Minor revision: The notorious "0331" head. Look for milky residue on oil filler cap. I get the other head numbers scrambled, but not the one on my 2000.
The head is a 0630 ,I'm still running all renix electronics ,sensor in the rad and two on the t-stat housing .
It is a open cooling system .
The ac compressor is a conversion ,orignal to the jeep as far as I know .
Ill have to try the high rpms n the drive way test .
I don't have a ir gun ,that ll be on the list of things to get .
T-stat is deffinatly in the right way .
Ill cheack the voltage on the 02 sensor .
Thanks for all of your help so far.
Ill post up some pics in a few so u can see exactly what I have going on that might help.
I can not burp the system using the sensor port in the back of the head beacouse its blocked of . Which is the reason that the sensor is now in the t-stat housing , I did drill holes in the t-stat to help with that tho.
I went with the rad that I have specificaly for the reason that it has the switch housing in the stock location ,same as a renix ,but also had a filler neack to alow me to have a open conversion .
So I might look at getting a aftermarket gauge to make sure I'm getting acurait readings .the coolant has never actual boiled over of came out of the over flow tank .
It was my understanding that the switch came on at 220 and off at 210 for the renix . Gess I was way off on that .
It's really important to have confidence in your gauge, but not too good to have false confidence. The way I calibrated was to get a buddy with a scanner to read my computer temp, while I swapped in replacement sensors and senders until I could get the computer and gauge to agree. I ended up reusing a Standard sensor that was about 5 degrees warmer than my old stock unit, but went through two Standard senders and an old stock sender, until I finally found a cheapo Autozone Duralast/Wells sender that was almost exactly the same as the sensor. Now I know that when the gauge shows 190 cruising down the highway and 220 at a long red light in the summer, it is telling me the truth.
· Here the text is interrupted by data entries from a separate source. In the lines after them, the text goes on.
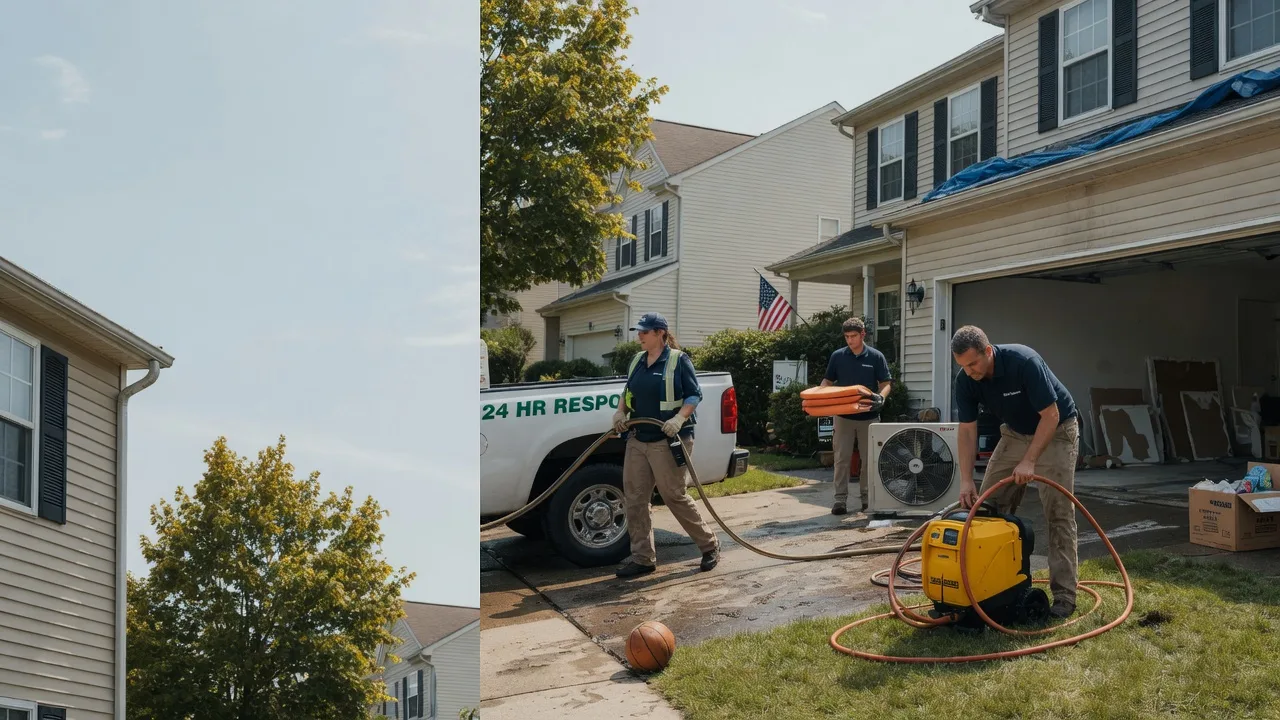 Emergency Water Damage Restoration in Howe, OK near me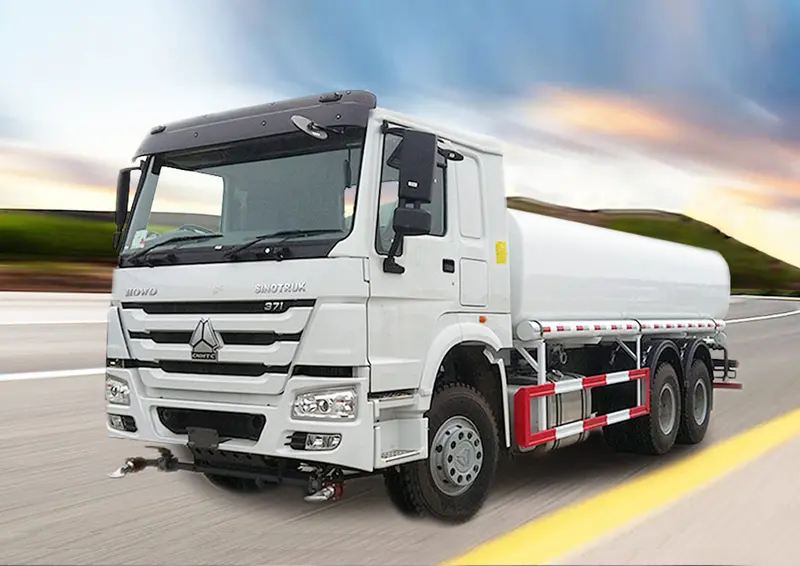 sinotruk howo 7 6×4 Water Truck-2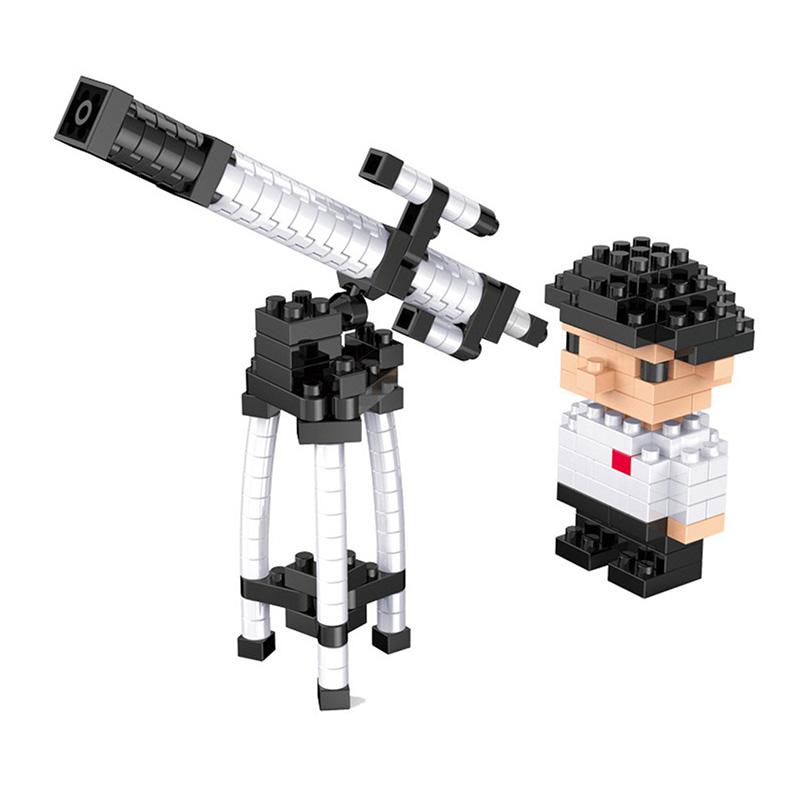 Креативные мультяшные космические аэрокосмические серии Астронавт Авиационная ракета Микро строительные блоки DIY Сборная модель Детские развивающие игрушки
Креативные мультяшные космические аэрокосмические серии Астронавт Авиационная ракета Микро строительные блоки DIY Сборная модель Детские развивающие игрушки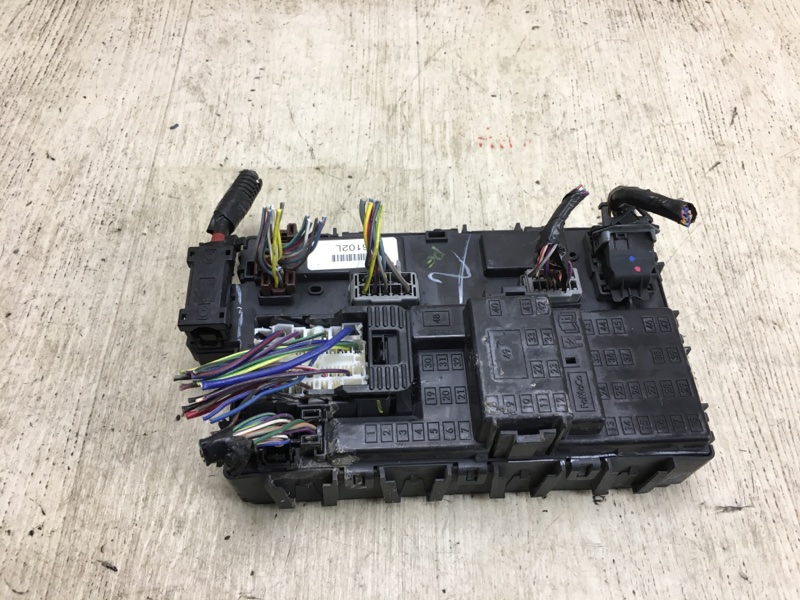 Блок предохранителей моторный отсек FORD FLEX 08-19 TP3 3.5 PDED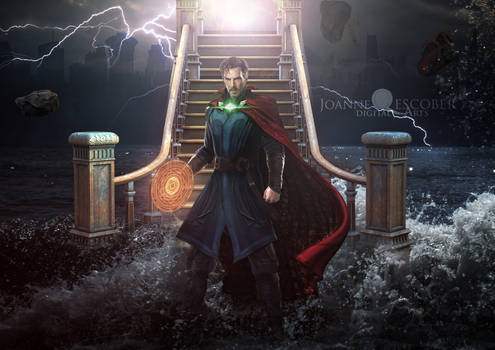 DR. STRANGE inspired fan art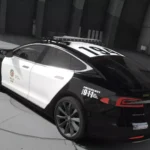 2016 Tesla Model S LAPD2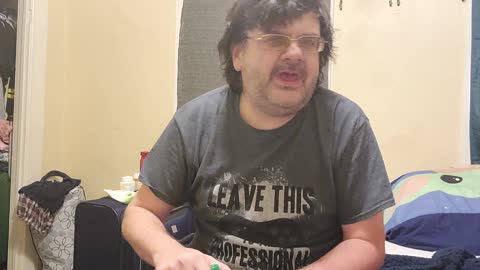 Update on future videos.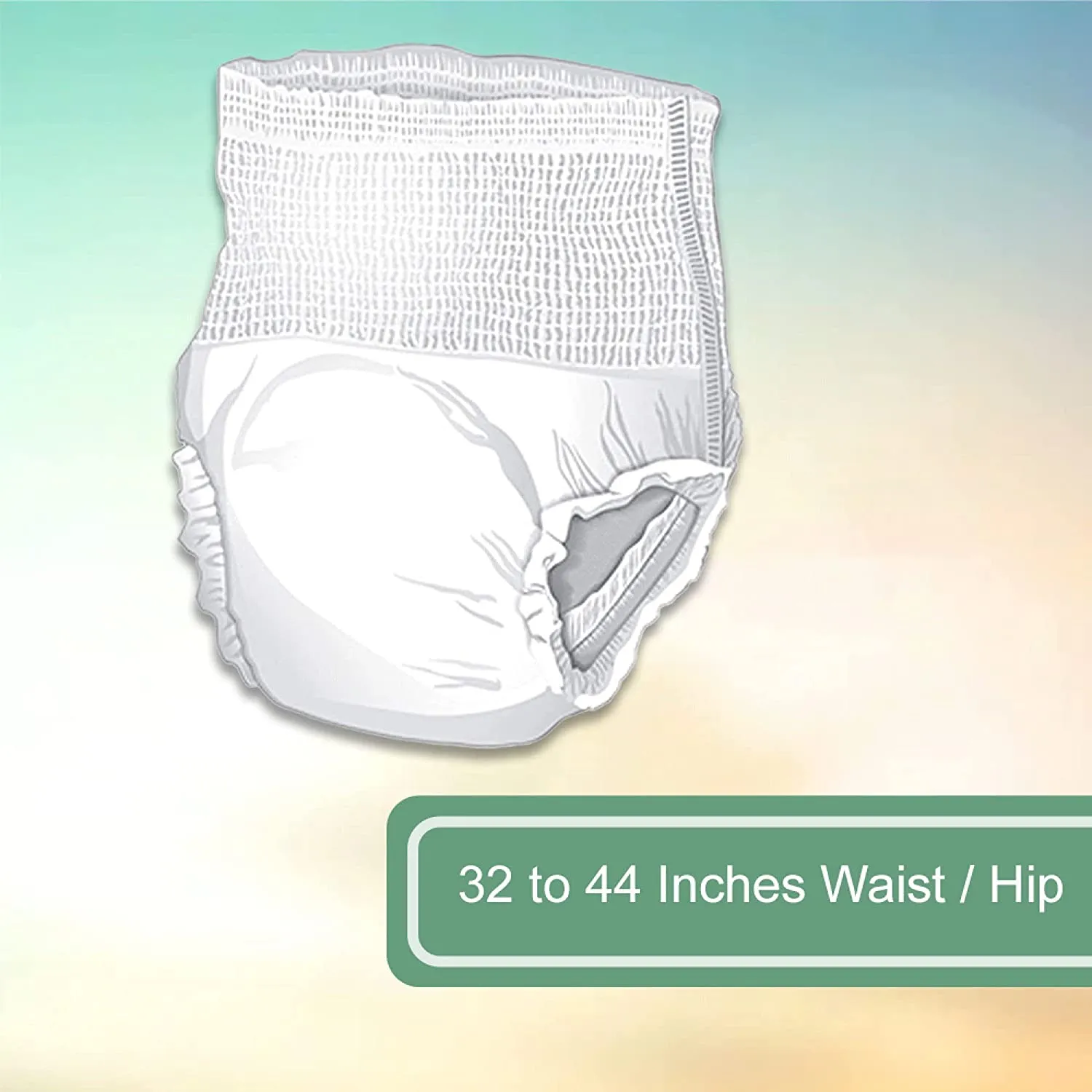 McKesson Adult Absorbent Underwear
One other thing with the sender in the tstat housing is that the temperature fluctuations can be really extreme as the tstat opens and closes. The tstat isn't an on-off switch, but instead opens and closes as temperature rises and falls and might not fully open until over 210. Sometimes you see this with temp creep up to 220, rapidly fall to 180 as the tstat reaches fully open position, and then start slowly rising again.